Omdat er niemand is die voor ze zorgt. Dan klopt er een man aan en vraagt of ze wat water voor hem heeft en wat te eten. Een vreemdeling, uit een ander land, hij ziet er vreemd uit. Hij drukt zich gebrekkig uit in haar taal. Ze kijkt naar hem en zegt dat ze hem niets te eten kan geven, omdat ze zelf nog net genoeg heeft. Als je mij te eten geeft, zegt de man, zal je olie en je meel niet opraken. Ze gelooft de man, wat heeft ze te verliezen? Ze bakt een brood voor hem en ziet dan hoe dat beetje olie en meel dat ze nog heeft niet minder wordt. Elke dag kan ze een brood bakken. Haar geloof in die man geeft haar weer een toekomst, perspectief. Het is een verhaal dat je tegen kunt komen in de bijbel. De man die dat laatste broodje van die vrouw kreeg was de profeet Elisa. Het verhaal laat zien hoe God voor jou zorgt. Ik moest denken aan de Here Jezus zelf, die met maar vijf broodjes en twee visjes een menigte van meer dan vijfduizend mensen te eten gaf. En toen iedereen verzadigd was bleef er meer over dan waar Hij mee begon.

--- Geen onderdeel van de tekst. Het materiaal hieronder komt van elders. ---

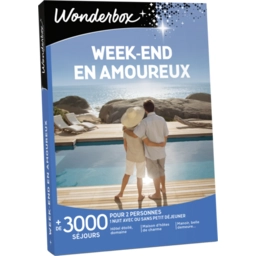 Image de (1) Coffret cadeau Wonderbox "Week-end en amoureux"
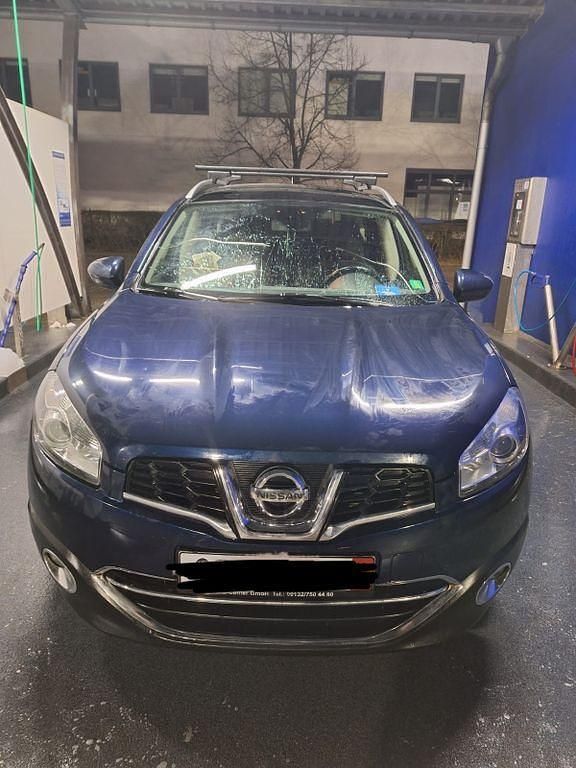 Blau Gebraucht 2011 Nissan Qashqai +2 I-Way SUV | 7.000 € (Fairer Preis) - Bild 1/4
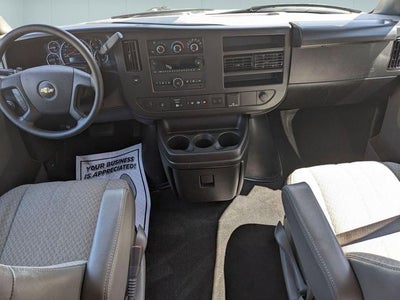 2025 Chevrolet Express Passenger RWD 3500 Extended Wheelbase LT
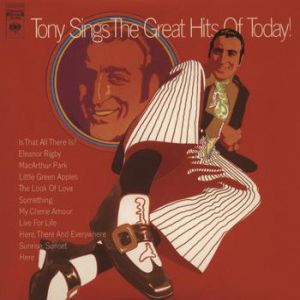 Tony Sings the Great Hits of Today! Album 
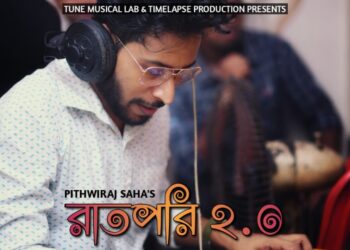 Raatpari Returns! PithwirajSaha Unveils The Bong Crush Song – Raatpari 2.0 on this Novembe.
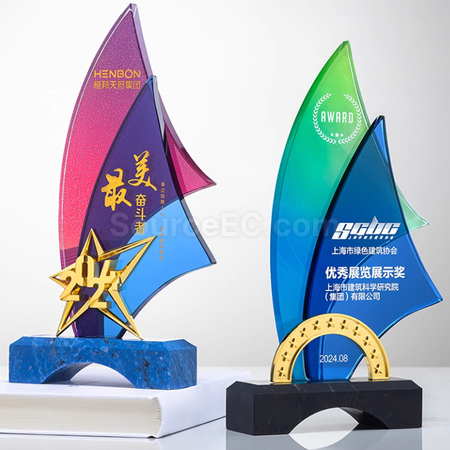 Customization Crystal Trophy Corporate Gifts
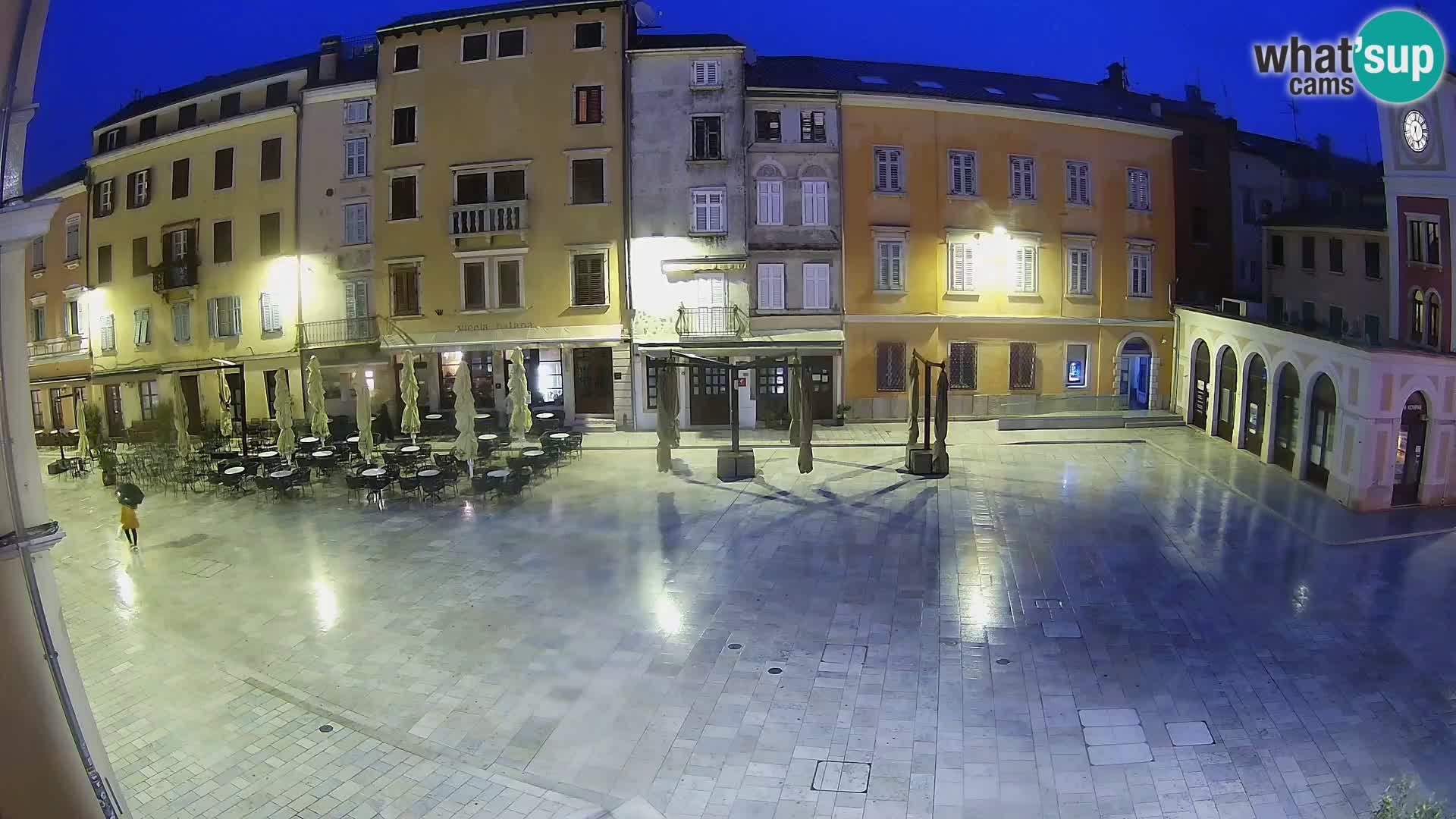 Webcam Rovigno Centro – Piazza Centrale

Jezus roept ons op de naaste zijn van elk mens dat op je pad komt en je nodig heeft. Jezus gaat nog verder, Hij vereenzelvigd zich met de vreemdeling. En wat doen wij? We gaan een theologische discussie aan over wie die vreemdeling dan wel mag zijn. En we maken ruzie over wie we wel en wie we niet moeten helpen en huisvesten. Wie een echte vluchteling is en wie een vreemdeling is. Je kunt toch niet iedereen helpen en we hebben zelf overal al zo weinig van. We kijken elkaar beschuldigend aan over wie eigenlijk verantwoordelijk is voor de opvang van al die mensen. Wat zou er gebeuren als we een voorbeeld zouden nemen aan die oude vrouw, die het weinige dat ze had aan een ander gaf. Als we ons samen verantwoordelijk zouden voelen, mensen hartelijk verwelkomen en samen zouden geven van wat we hebben aan wie ons er om vraagt. Eten, drinken, huisvesting, een beetje geluk, een toekomst met perspectief. In het vertrouwen dat God voor je zorgt. Zou dat ons en onze samenleving ook weer een ander perspectief kunnen geven?
De vreemdeling, de vluchteling, de gelukzoeker. Hoe je ze ook noemen wilt, ze zijn je naaste. Als je ze goed in de ogen kijkt, kun je zomaar de Here Jezus herkennen. Laten we er voor waken dat we Hem niet zomaar weg sturen.